En mars 2004, après quatre années de travail, les sculptures monumentales réalisées pour la station de métro Albert à Bruxelles sont inaugurées. Une grande figure ailée en bronze est accompagnée de deux cent dix fragments de mémoire déposés dans une fosse au niveau de la mezzanine et d’un immense chariot à mémoire au niveau des quais.

5 LE MESSAGE

Le sujet :

C’est une procession de personnages, une forêt en marche.

Les procédés techniques importants :

Le volume, les états de surface, les lignes de direction,

Les éléments de contexte culturel important :

Les souvenirs d’enfance, le moment fondateur du dîner où il s’ennuie, sa préoccupation sur le devenir de la planète, l’invention d’une « civilisation », l’art de la mémoire.

LE MESSAGE

A partir de tous ces éléments proposés, composer un message.

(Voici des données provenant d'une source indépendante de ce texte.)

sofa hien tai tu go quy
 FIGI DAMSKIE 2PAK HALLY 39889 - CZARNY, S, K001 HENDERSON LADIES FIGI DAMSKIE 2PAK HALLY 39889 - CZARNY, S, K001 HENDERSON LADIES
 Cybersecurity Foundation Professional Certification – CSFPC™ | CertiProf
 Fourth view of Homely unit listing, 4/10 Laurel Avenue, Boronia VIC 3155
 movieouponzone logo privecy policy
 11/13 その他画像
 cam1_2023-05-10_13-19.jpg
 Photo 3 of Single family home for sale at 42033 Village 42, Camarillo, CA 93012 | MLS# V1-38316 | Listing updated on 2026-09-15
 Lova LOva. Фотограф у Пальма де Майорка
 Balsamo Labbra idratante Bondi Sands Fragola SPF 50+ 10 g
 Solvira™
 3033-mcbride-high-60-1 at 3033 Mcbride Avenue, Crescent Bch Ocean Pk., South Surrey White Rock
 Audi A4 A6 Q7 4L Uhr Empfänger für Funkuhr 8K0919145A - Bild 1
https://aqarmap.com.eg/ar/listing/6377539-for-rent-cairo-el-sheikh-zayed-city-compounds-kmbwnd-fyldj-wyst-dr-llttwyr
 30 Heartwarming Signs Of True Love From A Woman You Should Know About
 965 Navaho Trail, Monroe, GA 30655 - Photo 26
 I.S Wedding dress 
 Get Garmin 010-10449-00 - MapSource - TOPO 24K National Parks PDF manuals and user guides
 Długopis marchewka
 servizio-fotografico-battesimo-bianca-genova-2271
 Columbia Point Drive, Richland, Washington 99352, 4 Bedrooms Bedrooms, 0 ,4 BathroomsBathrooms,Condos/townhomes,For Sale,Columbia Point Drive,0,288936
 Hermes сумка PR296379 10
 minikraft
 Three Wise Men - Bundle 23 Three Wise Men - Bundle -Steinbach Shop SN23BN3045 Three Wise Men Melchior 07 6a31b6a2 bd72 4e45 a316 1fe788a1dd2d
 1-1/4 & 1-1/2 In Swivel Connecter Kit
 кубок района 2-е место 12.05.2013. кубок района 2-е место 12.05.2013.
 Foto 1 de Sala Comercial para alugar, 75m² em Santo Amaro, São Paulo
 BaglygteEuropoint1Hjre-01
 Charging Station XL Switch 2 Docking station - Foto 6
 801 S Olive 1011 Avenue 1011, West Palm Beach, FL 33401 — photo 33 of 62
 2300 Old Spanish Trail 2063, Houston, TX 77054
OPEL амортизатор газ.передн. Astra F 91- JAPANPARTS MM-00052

  • Nous sommes tous, depuis la nuit des temps, les mêmes et si différents. On a une mémoire, à chacun de la retrouver à partir des signes.
  • En harmonie dans son environnement et dans son unité, Jephan de Villiers devient porteur de mémoire, nous ramenant aux origines de la terre par ses symboles et nous donne peut-être un accès à une certaine immortalité.
  • Jephan de Villiers met en marche une procession faite de ce qui reste de la forêt, quelques écorces, conduisant des chariots de mémoire. Il nous interroge sur l’avenir de notre terre et nous invite à retrouver le chemin des civilisations des origines, proches de la nature. Pourrons nous nous en souvenir ?
  • Pris individuellement, nous ne sommes que des écorces de bois, mais ensemble, la multitude des mille et trois, on forme un groupe avec une cohésion qui va communier de façon transcendante avec la nature, notre origine.